Who Will Speak For The Middle Class?

It is with great amusement that I have followed the antics of the Indiana House Ways and Means committee. The overriding theme is one of protecting the status quo, looking out for the interests of government and special interest groups at the expense of the citizen taxpayers. The biggest loser in this farce is the average middle class taxpayer.

The middle class taxpayer, without reference to race, religion or any other demographic except economic status, has borne the burden of our ill-conceived tax system for far too long. It is the middle class taxpayers who are most endangered of loosing their homes due to the capricious assessment system. It is the middle class taxpayer that is being squeezed for every penny the government can get out of them. It is the middle class who are keeping the system afloat.

In 1965 President Johnson proclaimed the Great Society and declared War on Poverty. Has the cycle of poverty been extinguished over the last two generations since then?

Various Presidents have supported the so-called War on Drugs. Are illicit drugs any less available?

We are currently involved in a War on Terror. Will we ever be able to completely eliminate the threat of one group or another that objects so strongly to a political or religious viewpoint that they will unleash a series of guerrilla attacks to further there own cause?
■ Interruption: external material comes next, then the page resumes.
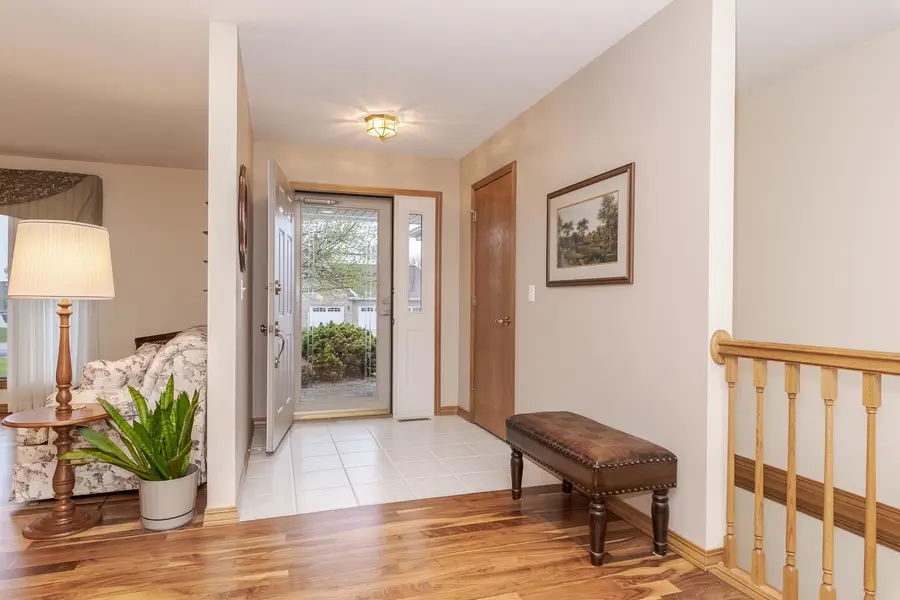 103 E 9th Street, Gridley, IL 61744 - #2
Perhaps we should get our government to openly declare a War on the Middle Class so that it too might meet with the success rate of these other "Wars", for the undeclared war is killing us.

So, who will speak for the Middle Class?

We must learn to speak for ourselves. We must speak loudly and with conviction. We must let our government know that we are not afraid of them any longer and that those whom we elect should fear us.

Who will speak for the Middle Class?

I will, and I urge each of you to do so too.

2 comments:

Sir Hailstone said...

"In 1965 President Johnson proclaimed the Great Society and declared War on Poverty. Has the cycle of poverty been extinguished over the last two generations since then?"

The ultimate payoff of tax dollars in exchange for votes. All the "Great Society" did was create a class of dependents upon a socialist style Big Government. The entitlements created under Great Society have not even come close to solving any sort of poverty issue.

Of course no politico will ever say "I intend to tax the middle class". No. Liars such as B.J. Clinton sold it as "I intend to squeeze the rich" - of course his definition of "rich" at the time started at $35,000 per year. Those who are in the six-figures know how or hire people to find those loopholes. The rest of us don't have those resources at our disposal, and rare among the middle class is one who is savvy enough to figure it out for him or herself.

Mike Kole said...

With the way you laid it out, the last thing I want is a president crusading for the middle class. As you pointed out, LBJ's war on poverty did nothing to end poverty, etc. We can only imagine how screwed the middle class will be by the "help" given.

Give me a candidate who pledges to leave the middle class alone. That's the best gift it could get.